Rhoms are vicious when they are big. Small rhoms are more skittish.


----------



## Peacock (Feb 23, 2004)

another retarded thread..


----------



## Doviiman (Jan 13, 2004)

This is only my opinion....Piranha=Elong or maybe a Medinai(mine is extremly aggressive.Freshwater(Cichlids)=Dovii,Managuense and Midas,other freshwater=Snakehead,African tiger fish,lungfish.


----------



## joefromcanada (Apr 16, 2004)

> another retarded thread..


 whatever man, im just fukin wonderin cause i see more action out of my feeder fish than my piranhas, i want something that actually does something instead of run into my glass at full tilt when i walk in the room. oh and that eats too. mine dont eat.


----------



## stonecoldsteveostin (Nov 15, 2003)

i have 6 flowrhorn, and i say they are the most aggresive.


----------



## SerraNBAPygo (Jun 8, 2004)

african tiger fish or payara.


----------



## WolfFish (Jun 30, 2004)

ternitzer said:


> > another retarded thread..
> 
> 
> whatever man, im just fukin wonderin cause i see more action out of my feeder fish than my piranhas, i want something that actually does something instead of run into my glass at full tilt when i walk in the room. oh and that eats too. mine dont eat.
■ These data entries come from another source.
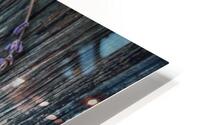 3959 HD Metal print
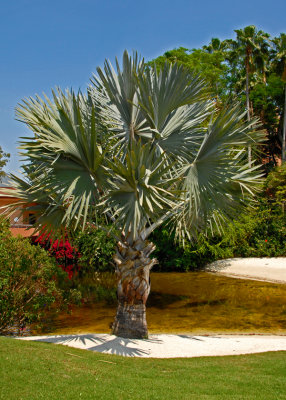 Epcot Palm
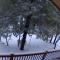 *NEW* Chalet in the Woods *1 Acre*2 Primary Suites*Pets - شو لو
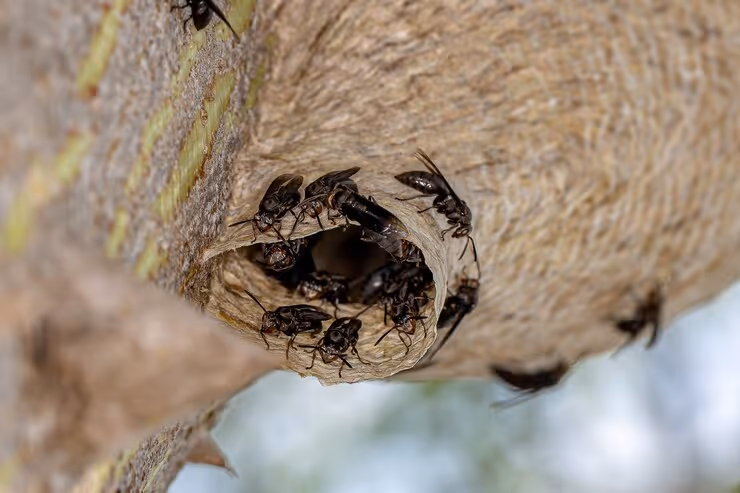 Professional Methods for Wasp Control in Livingston Homes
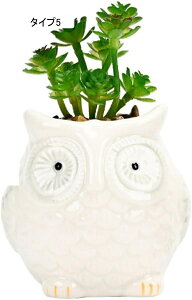 A v^[ 2Zbg ~j K[fIuWF I[ig ͋Co F*2 K[fjOu  ^Cv2 ϗtA|bg t[|bg T{e T{e|bg 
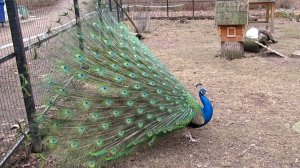 Павлин распускает хвост. Очень красиво!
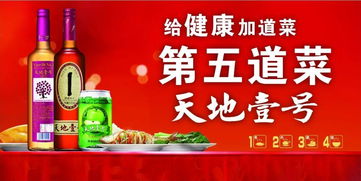 天地壹號(hào)策劃書(shū)方案封面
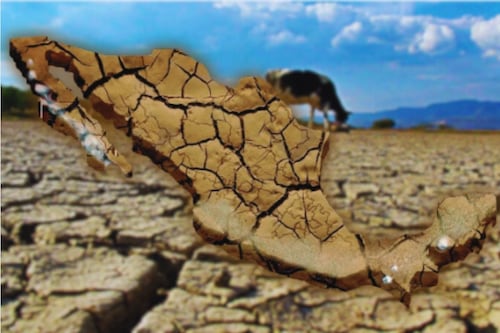 Sequía impacta 83.7% de municipios en México, ¿cuáles son los más afectados?
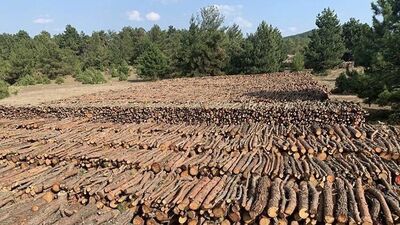 Kaz Dağları&#039;nda neler oluyor?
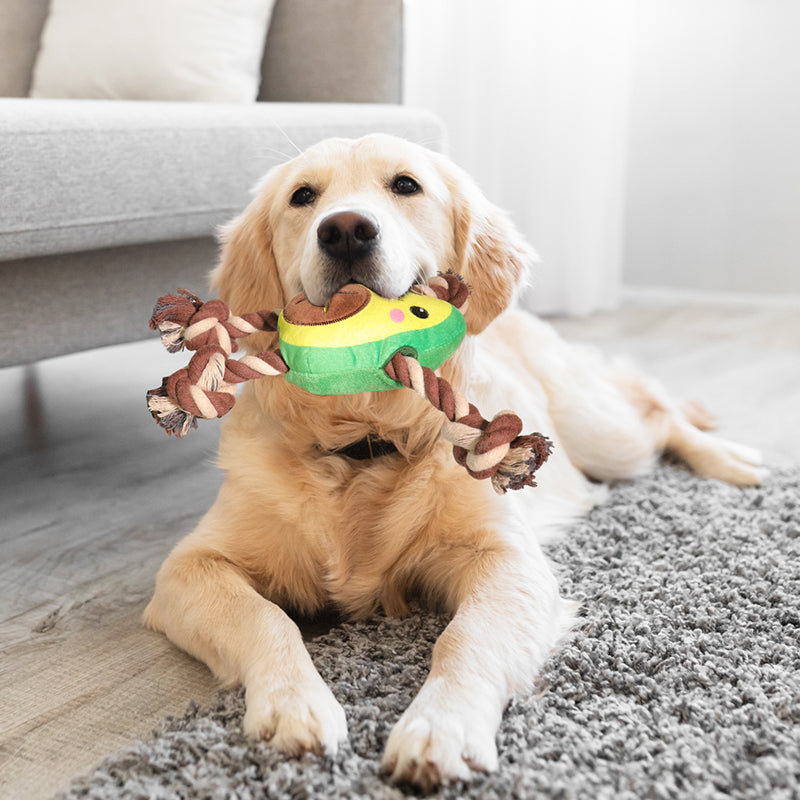 Interactive Dog Toy – Avocado Shaped Squeaky Plush Toy for Dogs
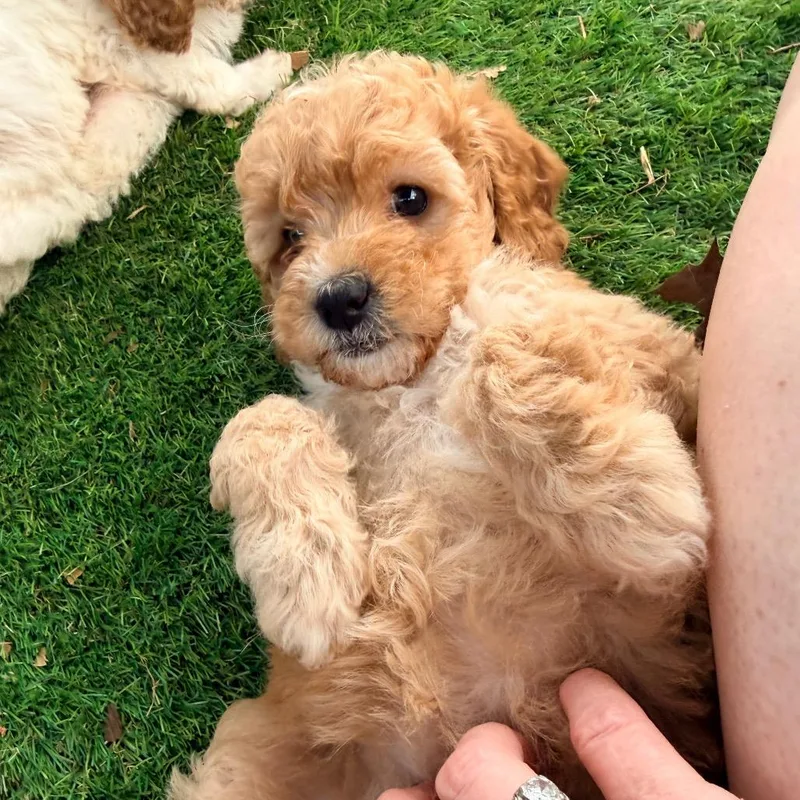 A baby medium-sized female Yellow / Tan / Blond / Fawn Poodle dog named Fleming for adoption in Huntsville, AL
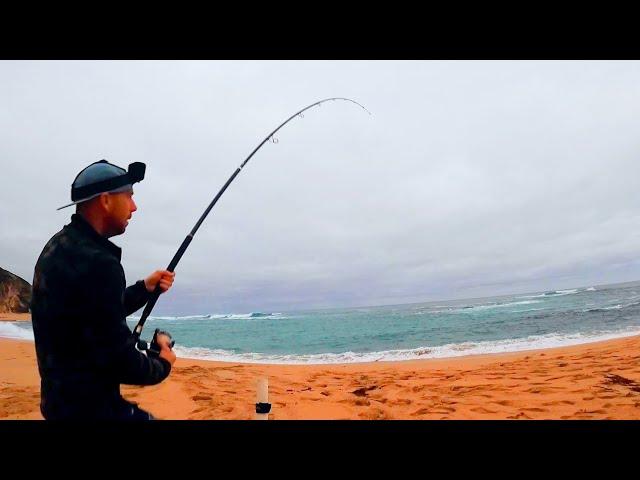 South Coast Beach Fishing 4.0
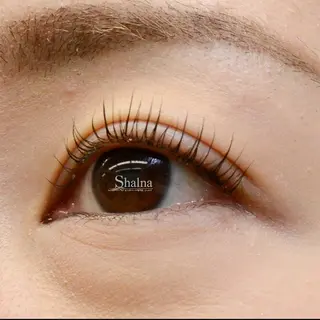 マツエク・マツパ まつげパーマ専門店 シャルナ　船橋店のマツエク・マツパデザイン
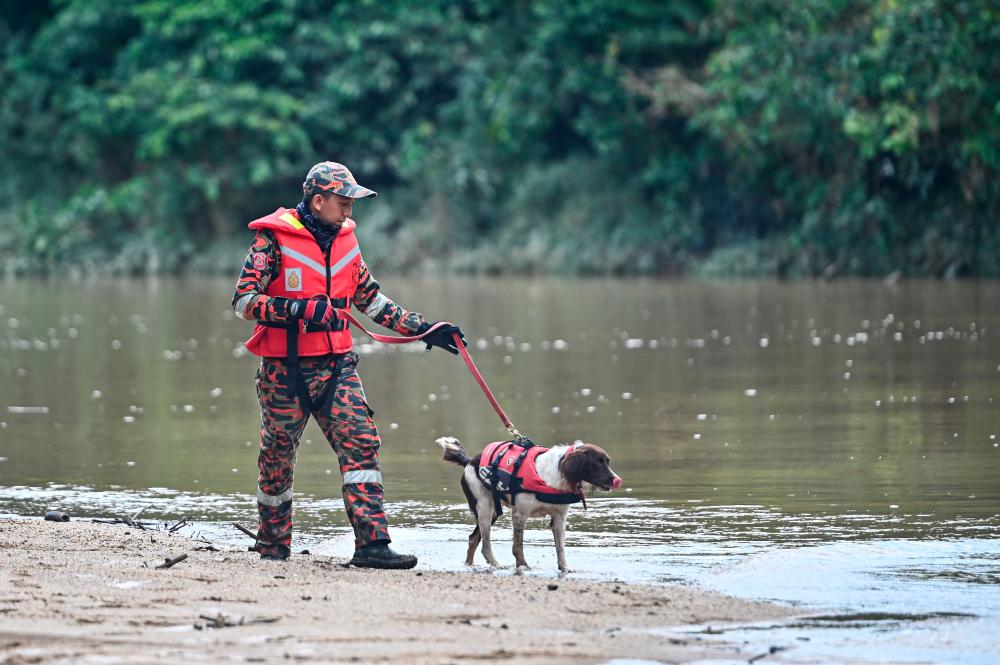 Denti, Frankie join SAR Ops for teenager feared drowned in canal Denti, Frankie join SAR Ops for teenager feared drowned in canal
 Give them time, too many people buy them becuase they expect them to be super aggressive killing machines, they're not. Maybe you should have done some resaerch BEFORE going out and buying them. 
This is a bs thread becuase there isn't really such thing as an 'aggressive'fish. Some fish are highly terrortorial like rhoms, and p's are aggressive feeders when hungry. They don't just attack things for fun, they kill other fish if there isn't an easier meal available, and only for food for their own survival.
If you want to keep fish just for the entertainment of seeing them rip animals apart, firstly you're an asshole and secondly just rent a f*cking jet li movie if you want violence.


----------



## Death in #'s (Apr 29, 2003)

Peacock said:


> another retarded thread..


----------



## joefromcanada (Apr 16, 2004)

fuk this, close the thread.


----------



## joefromcanada (Apr 16, 2004)

oh, and thx to everyone who gave me there opinion.


----------



## Peacock (Feb 23, 2004)

SerraNBAPygo said:


> african tiger fish or payara.


 neither of them are aggressive.. they are actualy quite docile and are easily killed due to stress from more aggressive fish..


----------



## Peacock (Feb 23, 2004)

grnlemonade said:


> i have 6 flowrhorn, and i say they are the most aggresive.


 i agree..

although in a large tank they are not aggressive at all..

P's are p*ssy fish..


----------



## joefromcanada (Apr 16, 2004)

i like my pirnahas alot and all, and i dont plan on givin em up. im havin a lil trouble findin something they will eat is all. and i do plan on givin em time. i was just wonderin what other breed might be really aggressive, being that i know absolutly nothing about any other types of fish.


----------



## WolfFish (Jun 30, 2004)

ternitzer said:


> i like my pirnahas alot and all, and i dont plan on givin em up. im havin a lil trouble findin something they will eat is all. and i do plan on givin em time. i was just wonderin what other breed might be really aggressive, being that i know absolutly nothing about any other types of fish.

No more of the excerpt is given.